Somebody Compared Chennai Mornings With Kolkata Mornings And You Will Miss Kolkata More After Reading This
The city I reside in now, is a funny city. You wake up and see the day has already started, there are people on the road, women, decked up already, making designs of white powder outside their homes, and men are already on their bikes, off to their respective workplaces. Women decked in heavy sarees and jewellery, are coming out of the temple, tilaks on their foreheads. Women, running behind the buses, with heavy laptop bags on their back. The flower-seller is done for the day, it took only one hour for her to sell her stock. The cars and buses rush up and down the roads all day. It’s as if the city does not rest. The dosa-maker vigorously rubs in dosa batter onto the flat oven, the man beside him ladles bowls full of sambhar and just beside his stall, the old bakery opens its shutters. The old grandma with wispy hair makes you wonder how she manages to bake so many cookies so early, who helps her. After Kolkata, it seems too fast.

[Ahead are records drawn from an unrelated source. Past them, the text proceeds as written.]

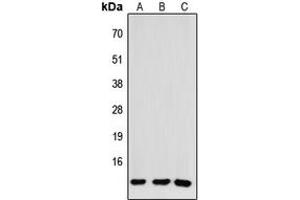 Western blot analysis of CCL26 expression in HEK293T (A), NS-1 (B), H9C2 (C) whole cell lysates. (CCL26 抗体  (Center))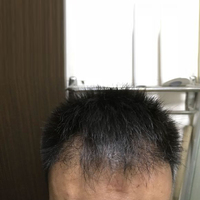 發(fā)際線用戶圖片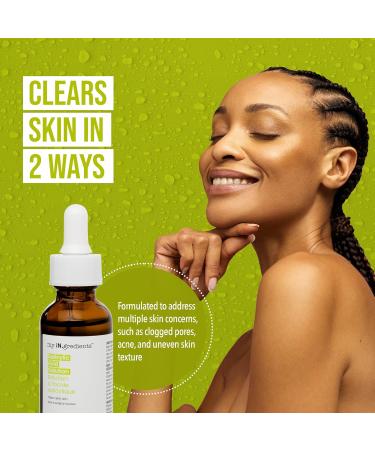 Masque Bar My Ingredients Salicylic Acid Solution - Exfoliating Solution For Face - Healing Acne Spot Treatment For Blemish Prone Skin Korean Skincare - 1Fl oz Salicylic Acid Serum - Buy Online on GoSupps.com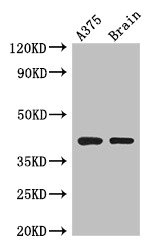 SEPT12 / Septin 12 Antibody - Western Blot Positive WB detected in: A375 whole cell lysate, Mouse brain tissue All lanes: SEPT12 antibody at 3.5µg/ml Secondary Goat polyclonal to rabbit IgG at 1/50000 dilution Predicted band size: 41, 36 kDa Observed band size: 41 kDa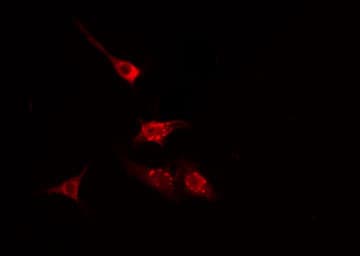 CTNNB1 / Beta Catenin Antibody (phospho-Ser37,pSer33,pThr41)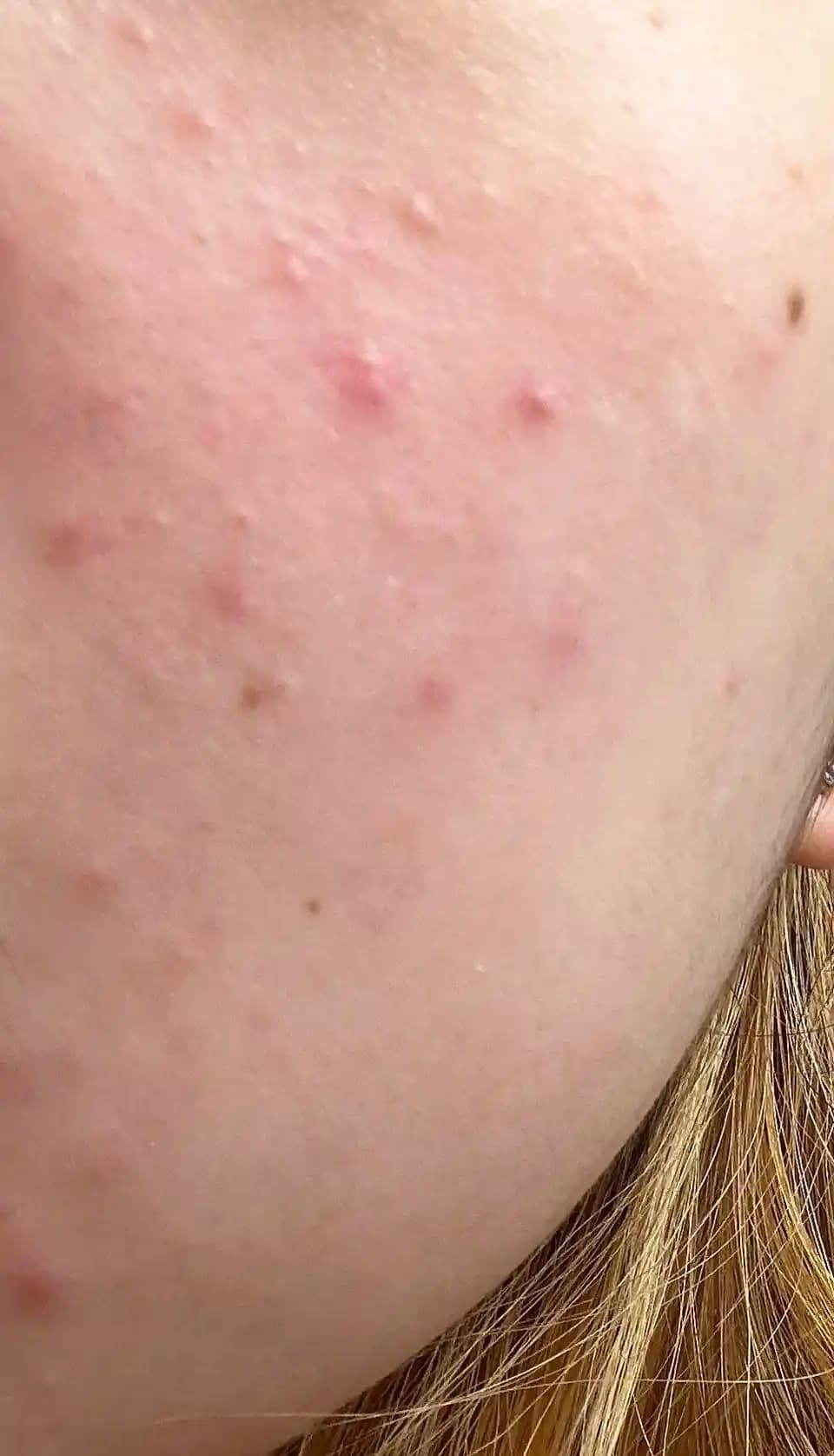 Ani Sivilce Çıkışlarının Nedenleri ve Etkili Çözüm Yöntemleri Üzerine İnceleme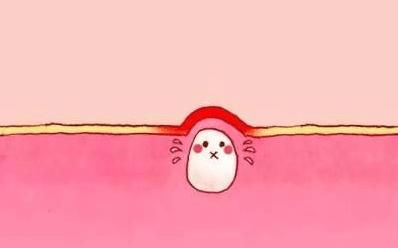 管不住自己的手老是挤痘痘,管不住手喜欢挤痘痘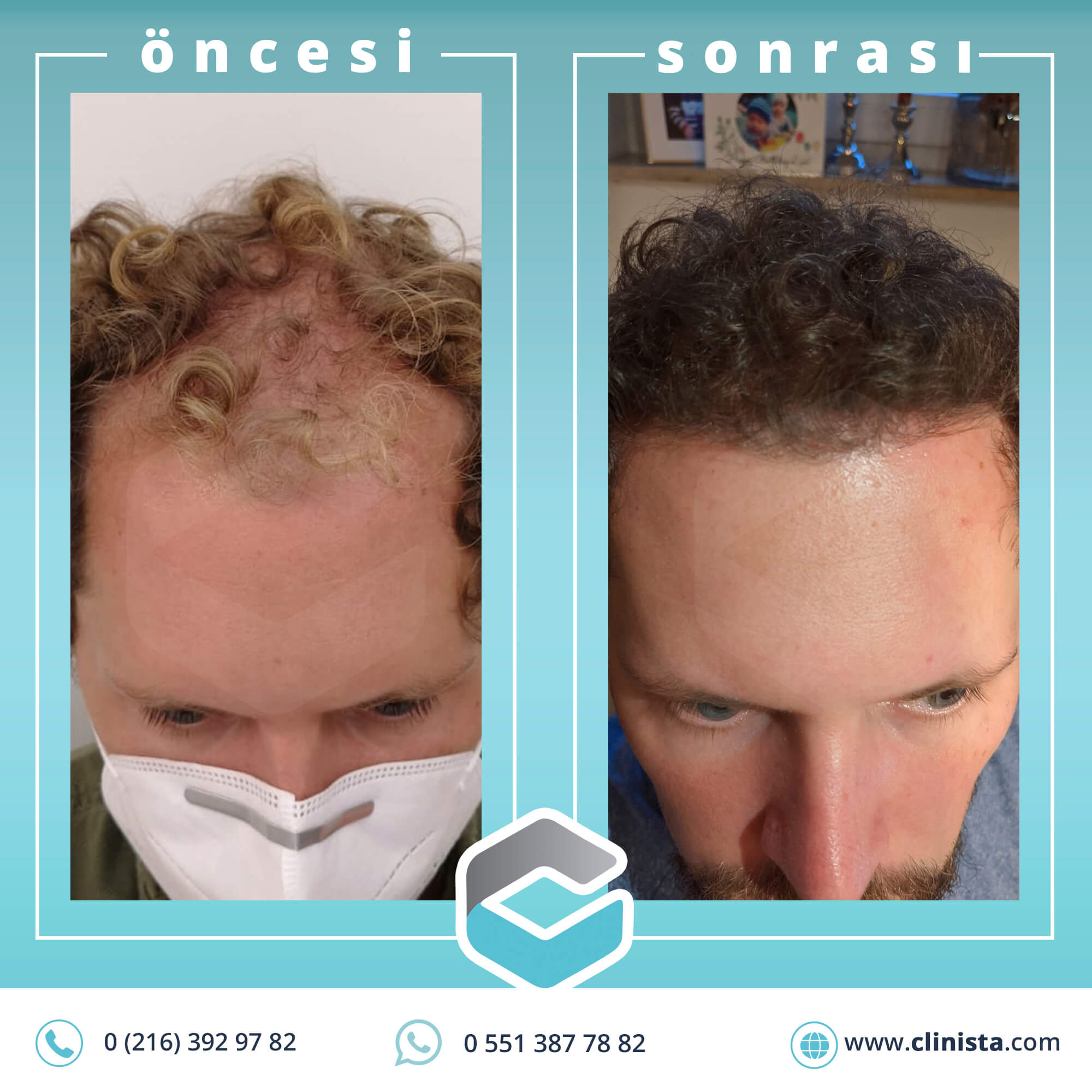 35 year male Result of hair transplant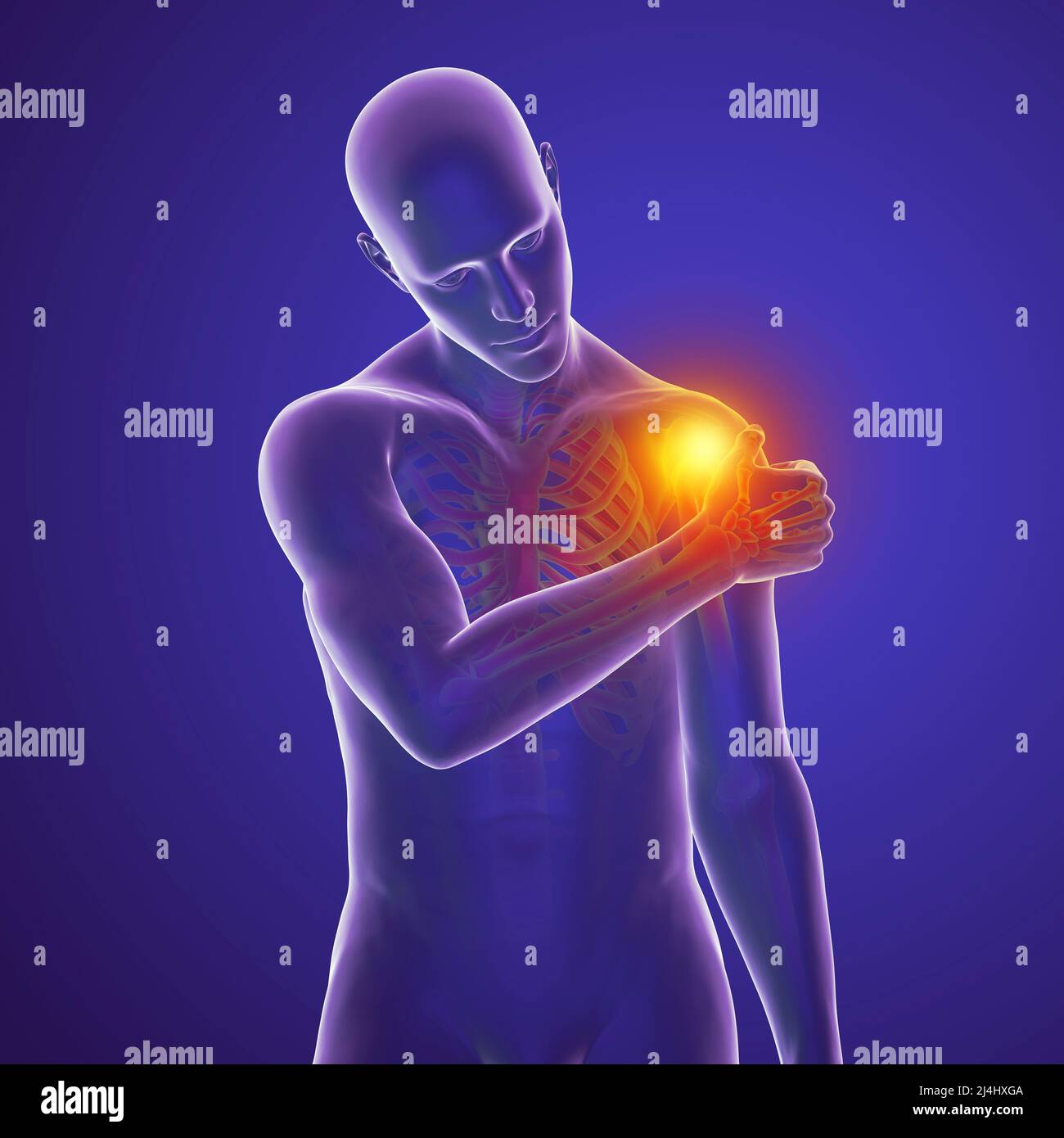 Painful shoulder, illustration Stock Photo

Well, maybe when you grow up in Calcutta, any city would seem funny. You get used to waking up to Rabindrasangeet, which Ma would play as early as 6 in the morning, partially to wake up her family of hibernating grizzly bears and partially to reminisce of her girlhood days, when my Dimma would wake everyone up by playing the same songs. You see the man of the house, or as he believes, embark on a morning walk only to return with paper packets stuffed with ‘kochuri’ and ‘jilipi’, along with the fish and the ‘shaak’, after a debate about how the ‘maachwalla’ cheated him, he retires to the verandah with the newspaper as he waits for his tea. You know that at 7.30, the Dida in the next flat will have completed her puja, with her tiny grand-daughter by her side and her daughter-in-law will soon leave for work, riding pillion on the son’s bike, she will wave a hurried bye to her little daughter, who looks out of the window. You know exactly when the neighbouring Kakima will temper her vegetables and, between cooking and calling out to her husband, warning him, “Ar deri korle kintu bus ta miss hobe!”, she manages to make a quick call to her sister-in-law, to discuss the latest episode of the newest soap on tv and then when Kakima’s husband finally comes for breakfast, late, because he was solving Sudoku or word-puzzles in the bathroom, you know their conversation by heart, where they mock fight and the lady of the house warns him, that one fine morning, she would leave this “shongshar” and only then would he realize her value. However, five minutes later, you hear the same woman call out “dugga dugga” as the husband leaves for work and asks him to remember to have lunch. Slowly, the city comes to life as autos start plying and buses rush off with a whooshing sound. There is something really slow and magical about mornings in Calcutta. No one is in a hurry to start the day. The office-goers walk slowly to board their chosen mode of transport. The vegetable sellers slowly push their carts along the by-lanes, they don’t call out, they ring a bell which somehow fits in with the other morning sounds. It doesn’t seem so out of place. Then you hear the various “Ma aashchi”s, which signify that children are leaving for school and the mothers and the ladies of the house finally have time to eat their own breakfasts and read the newspaper, whose pages have already been messed up. Given another hour, the roads would be silent again and the city would again go to sleep.